Segmentasi yang khusus membahas peran perempuan difokuskan pada jemaat Protestan yang terdiri dari perempuan di Kabupaten Raja Ampat, Papua Barat. Para perempuan mengelola sasi mereka sendiri, sebuah skema konservasi lokal yang sementara melarang penangkapan hewan laut. Dokumenter ini menunjukkan bagaimana setelah larangan penangkapan ikan selama enam bulan, pembatasan dicabut selama satu minggu, di mana dengan bantuan anak-anak desa, para perempuan mencari dan menyelam untuk mencari kerang, teripang, lobster, dan fauna laut lainnya. Para perempuan menyiapkan makanan mereka sendiri dan mengelola pendapatan mereka sendiri. Mereka dihadapkan dengan pencurian dan kerusakan oleh pihak luar yang secara ilegal berburu hewan laut selama sasi dengan menggunakan kompresor udara, racun, dan ledakan. Dalam ibadah gereja, Mazmur dinyanyikan dan terdapat referensi tentang laut, hewan laut, Taman Eden, dan Hari Penghakiman.
Mendokumentasikan aktivisme
Ketiga film dokumenter ini memiliki cakupan nasional dan membentuk hubungan antara kesetaraan gender, keadilan sosial, keberagaman agama, dan keberlanjutan lingkungan. Dalam hal itu, mereka mengonfirmasi batas-batas negara dan pentingnya agama dalam ideologi negara. Pada saat yang sama, masing-masing memiliki gaya dan pendekatan sendiri dalam menghadapi peran perempuan dalam aktivisme lingkungan.
Tanah Ibu Kami menyajikan potret intim di mana para aktivis perempuan membagikan pengalaman pribadi, serta wawasan lingkungan dan sosio-politik mereka. Samin vs Semen berisi rekaman mentah dengan kualitas DIY yang autentik dalam gaya jurnalisme warga tentang aktivitas sehari-hari perempuan dan keterlibatan mereka dalam kampanye lingkungan, dan kadang-kadang tindakan protes yang berbahaya. "Islands of Faith" mencakup liputan tentang inisiatif konservasi yang dipimpin oleh perempuan.
Semesta menahan diri untuk secara eksplisit mengidentifikasi faktor-faktor sosio-politik dan pelaku yang bertanggung jawab atas kerusakan lingkungan, dan lebih memilih segmen teks dengan pesan dan data yang cukup umum tentang polusi lingkungan dan tanggung jawab individu dalam merenungkan dan menerapkan solusi yang mungkin diambil. Pandangan yang kurang kritis ini mungkin terbatas karena sumber pendanaannya.

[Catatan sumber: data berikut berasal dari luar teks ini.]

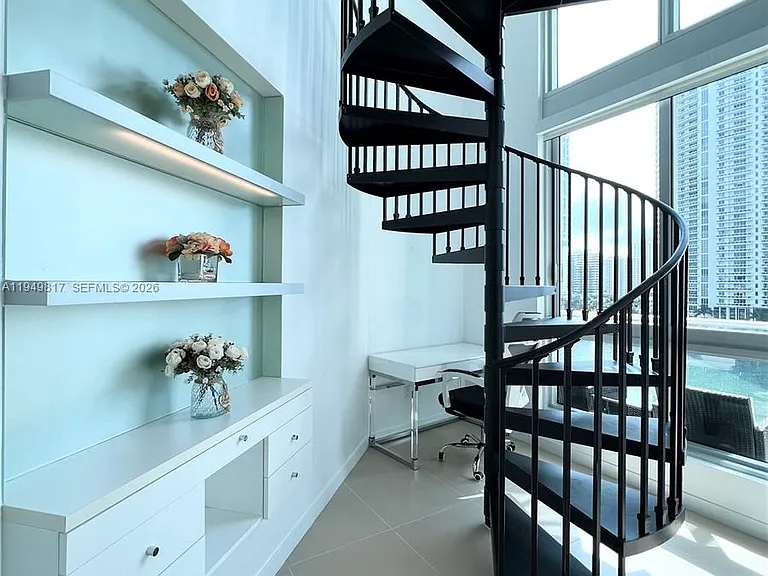 300 S Biscayne Blvd #L-814 — Photo 14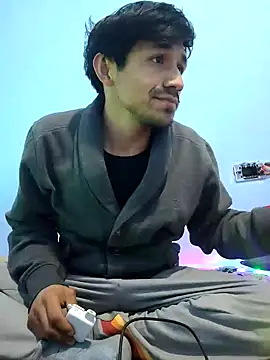 Snapshot of charlesss19 chatting on 24, 2, 2025 charlesss19 online show from 24, 2, 2025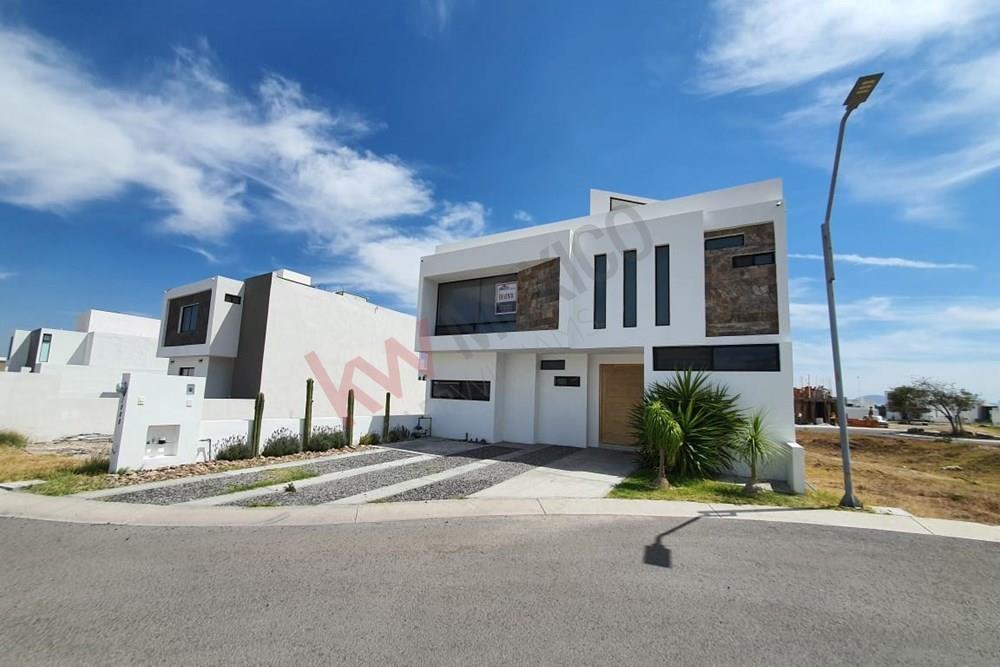 CASA EN RENTA BIO GRAND JURIQUILLA 3 habitaciones con excelente iluminación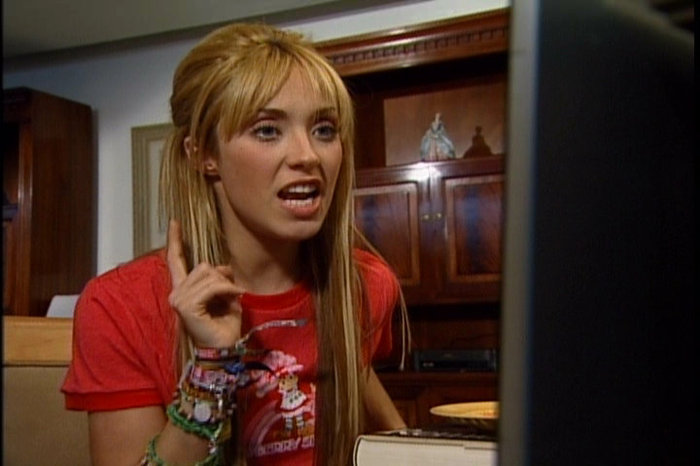 PDVD_1197 - Mia Colucci 06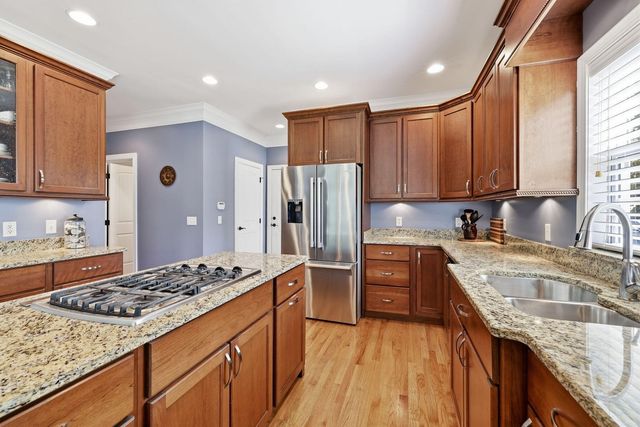 1157 Hidden Creek Dr, Chattanooga, TN 37405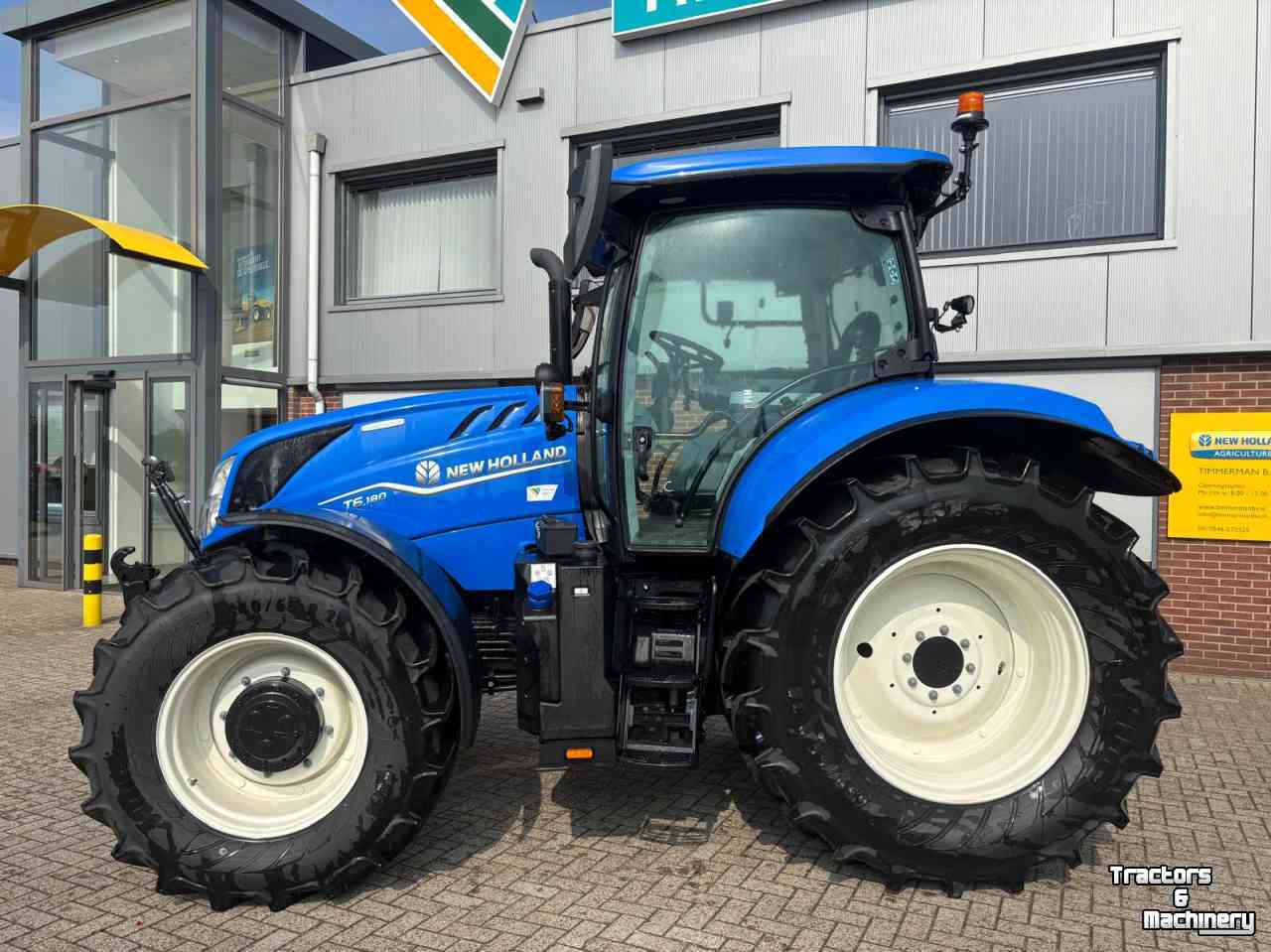 Tractor / Trekker New Holland T6 180 DC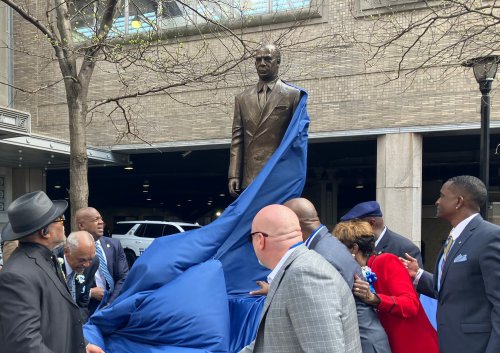Statue of labor pioneer A. Philip Randolph unveiled at Newark Penn Station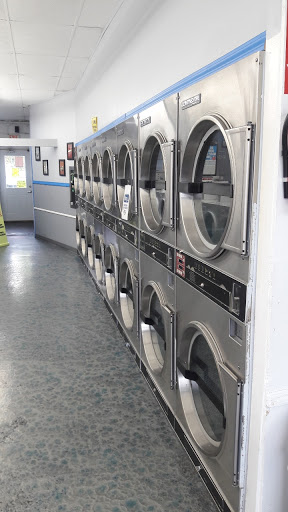 Laundromat «Shores Laundry», reviews and photos, 24909 Harper Ave, St Clair Shores, MI 48080, USA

Produksi independen Tanah Ibu Kami dan Samin vs Semen di sisi lain, dengan tegas mengidentifikasi kebijakan dan perusahaan yang bertanggung jawab atas kesalahan lingkungan dan sosio-kultural. Upaya-upaya untuk mengidentifikasi hubungan antara lingkungan, politik, dan masyarakat, sejalan dengan pemikiran kritis dalam bidang ekologi politik dan ekofeminisme di kalangan akademisi dan aktivis, sangat penting bagi bentuk perawatan lingkungan yang lebih substansial dan langgeng.
Edwin Jurriëns adalah Koordinator Studi Indonesia di Asia Institute, University of Melbourne.